-- TASK ITEM --
Your answer must match, word for word, the lines from the one holding "Elysian Dining Table 6 Seater PVD Gold Base" through the final line below, with pictures excluded.

-- INFORMATION SUPPLIED --
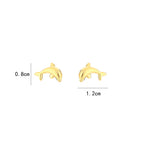 Dolphin Stud Earrings Gold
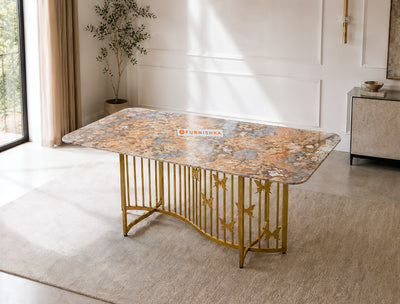 Elysian Dining Table 6 Seater PVD Gold Base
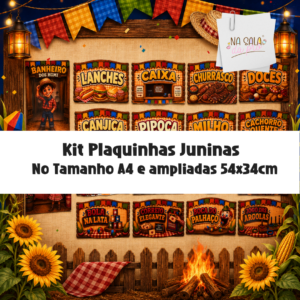 Kit Plaquinhas Juninas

-- RESPONSE AREA --
 Elysian Dining Table 6 Seater PVD Gold Base
 Kit Plaquinhas Juninas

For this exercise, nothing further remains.